<<<<

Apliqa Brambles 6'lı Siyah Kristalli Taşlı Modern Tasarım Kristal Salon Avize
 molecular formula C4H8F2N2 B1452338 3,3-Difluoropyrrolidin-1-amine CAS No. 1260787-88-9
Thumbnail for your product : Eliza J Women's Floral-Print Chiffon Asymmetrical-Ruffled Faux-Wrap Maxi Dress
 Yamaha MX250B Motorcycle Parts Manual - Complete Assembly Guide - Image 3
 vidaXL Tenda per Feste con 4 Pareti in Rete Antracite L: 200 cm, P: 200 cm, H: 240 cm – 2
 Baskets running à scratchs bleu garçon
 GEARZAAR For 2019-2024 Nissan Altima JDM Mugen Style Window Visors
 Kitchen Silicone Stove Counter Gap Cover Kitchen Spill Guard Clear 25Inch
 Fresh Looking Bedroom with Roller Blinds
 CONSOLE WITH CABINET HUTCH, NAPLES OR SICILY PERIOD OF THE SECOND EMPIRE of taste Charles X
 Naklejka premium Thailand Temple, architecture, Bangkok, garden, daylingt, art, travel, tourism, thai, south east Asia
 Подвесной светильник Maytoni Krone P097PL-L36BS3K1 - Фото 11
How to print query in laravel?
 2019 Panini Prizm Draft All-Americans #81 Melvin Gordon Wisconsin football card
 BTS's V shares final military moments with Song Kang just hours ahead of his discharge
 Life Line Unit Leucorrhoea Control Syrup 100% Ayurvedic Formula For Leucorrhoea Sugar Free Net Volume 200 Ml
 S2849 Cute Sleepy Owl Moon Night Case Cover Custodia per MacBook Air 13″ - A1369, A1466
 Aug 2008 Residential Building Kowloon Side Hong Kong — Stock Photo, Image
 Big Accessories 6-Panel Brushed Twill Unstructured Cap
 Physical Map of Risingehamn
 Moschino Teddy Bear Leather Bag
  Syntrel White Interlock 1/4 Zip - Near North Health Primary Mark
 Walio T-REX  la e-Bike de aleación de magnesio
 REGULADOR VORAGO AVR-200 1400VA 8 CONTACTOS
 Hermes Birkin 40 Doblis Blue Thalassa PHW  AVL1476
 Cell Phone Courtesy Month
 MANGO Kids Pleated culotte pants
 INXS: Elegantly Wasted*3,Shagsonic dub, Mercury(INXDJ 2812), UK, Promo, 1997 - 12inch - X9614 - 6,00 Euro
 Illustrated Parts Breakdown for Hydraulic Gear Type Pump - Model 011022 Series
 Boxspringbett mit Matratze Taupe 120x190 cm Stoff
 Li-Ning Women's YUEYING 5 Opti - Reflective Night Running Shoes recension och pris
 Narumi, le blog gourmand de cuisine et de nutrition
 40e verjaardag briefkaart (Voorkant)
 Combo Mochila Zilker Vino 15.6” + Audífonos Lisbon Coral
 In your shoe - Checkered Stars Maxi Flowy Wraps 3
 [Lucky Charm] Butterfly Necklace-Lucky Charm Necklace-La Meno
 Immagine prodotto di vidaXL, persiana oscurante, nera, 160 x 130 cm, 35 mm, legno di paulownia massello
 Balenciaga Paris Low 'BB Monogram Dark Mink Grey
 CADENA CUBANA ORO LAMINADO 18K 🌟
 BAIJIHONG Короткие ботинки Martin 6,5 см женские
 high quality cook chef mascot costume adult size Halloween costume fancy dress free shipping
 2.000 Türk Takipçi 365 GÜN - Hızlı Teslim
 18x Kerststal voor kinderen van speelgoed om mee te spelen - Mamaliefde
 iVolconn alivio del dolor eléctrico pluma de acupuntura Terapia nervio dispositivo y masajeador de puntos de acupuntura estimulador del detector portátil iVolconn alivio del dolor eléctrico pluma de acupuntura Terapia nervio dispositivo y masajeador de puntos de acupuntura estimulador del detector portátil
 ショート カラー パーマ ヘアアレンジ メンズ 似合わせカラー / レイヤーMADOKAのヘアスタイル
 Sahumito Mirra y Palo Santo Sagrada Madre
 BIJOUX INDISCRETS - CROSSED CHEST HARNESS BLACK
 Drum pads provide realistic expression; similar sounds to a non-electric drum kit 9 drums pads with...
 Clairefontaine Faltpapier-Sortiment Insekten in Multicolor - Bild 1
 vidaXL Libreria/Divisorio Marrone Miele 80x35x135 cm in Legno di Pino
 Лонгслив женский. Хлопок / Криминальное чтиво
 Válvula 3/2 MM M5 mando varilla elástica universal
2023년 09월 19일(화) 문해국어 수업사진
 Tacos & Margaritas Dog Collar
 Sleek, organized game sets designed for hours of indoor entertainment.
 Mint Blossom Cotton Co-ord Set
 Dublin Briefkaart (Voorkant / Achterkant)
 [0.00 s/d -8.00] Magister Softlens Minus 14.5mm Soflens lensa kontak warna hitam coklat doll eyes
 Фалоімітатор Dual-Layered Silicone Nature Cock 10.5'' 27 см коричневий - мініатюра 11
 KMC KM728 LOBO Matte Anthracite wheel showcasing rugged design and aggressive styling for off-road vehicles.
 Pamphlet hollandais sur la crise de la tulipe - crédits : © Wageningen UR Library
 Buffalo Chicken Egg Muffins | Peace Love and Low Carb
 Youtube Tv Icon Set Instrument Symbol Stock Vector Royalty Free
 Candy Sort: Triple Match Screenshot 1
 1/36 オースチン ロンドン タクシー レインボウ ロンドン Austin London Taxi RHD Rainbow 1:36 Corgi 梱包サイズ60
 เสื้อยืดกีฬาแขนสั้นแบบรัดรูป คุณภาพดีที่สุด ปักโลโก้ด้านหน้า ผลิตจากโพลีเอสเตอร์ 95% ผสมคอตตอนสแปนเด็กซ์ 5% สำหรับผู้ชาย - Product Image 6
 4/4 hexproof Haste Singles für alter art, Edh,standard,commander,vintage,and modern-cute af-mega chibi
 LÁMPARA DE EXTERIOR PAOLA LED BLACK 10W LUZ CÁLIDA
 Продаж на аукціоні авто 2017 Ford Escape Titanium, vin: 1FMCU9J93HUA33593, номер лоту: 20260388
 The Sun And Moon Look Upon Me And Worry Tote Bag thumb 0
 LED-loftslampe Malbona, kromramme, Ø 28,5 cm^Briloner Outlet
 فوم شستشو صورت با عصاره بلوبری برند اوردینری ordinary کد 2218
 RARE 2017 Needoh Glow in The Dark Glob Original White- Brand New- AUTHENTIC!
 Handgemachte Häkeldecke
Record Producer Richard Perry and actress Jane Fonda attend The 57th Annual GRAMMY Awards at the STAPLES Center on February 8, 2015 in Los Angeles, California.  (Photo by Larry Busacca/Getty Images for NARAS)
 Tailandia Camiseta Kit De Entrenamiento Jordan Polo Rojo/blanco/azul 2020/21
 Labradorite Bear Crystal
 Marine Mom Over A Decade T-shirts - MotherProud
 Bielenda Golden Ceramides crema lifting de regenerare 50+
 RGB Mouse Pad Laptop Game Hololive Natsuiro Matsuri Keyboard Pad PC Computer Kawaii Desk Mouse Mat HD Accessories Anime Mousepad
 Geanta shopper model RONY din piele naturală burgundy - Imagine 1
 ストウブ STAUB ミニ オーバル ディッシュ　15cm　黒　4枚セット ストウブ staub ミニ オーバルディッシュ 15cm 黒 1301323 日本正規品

>>>>

§ **ABOUT THIS TASK**: The lines above from the one containing "[Lucky Charm] Butterfly" through the one containing "18x Kerststal voor" are to be set down exactly, and no others.

§ **RESULT FOR THIS EXERCISE**:
 [Lucky Charm] Butterfly Necklace-Lucky Charm Necklace-La Meno
 Immagine prodotto di vidaXL, persiana oscurante, nera, 160 x 130 cm, 35 mm, legno di paulownia massello
 Balenciaga Paris Low 'BB Monogram Dark Mink Grey
 CADENA CUBANA ORO LAMINADO 18K 🌟
 BAIJIHONG Короткие ботинки Martin 6,5 см женские
 high quality cook chef mascot costume adult size Halloween costume fancy dress free shipping
 2.000 Türk Takipçi 365 GÜN - Hızlı Teslim
 18x Kerststal voor kinderen van speelgoed om mee te spelen - Mamaliefde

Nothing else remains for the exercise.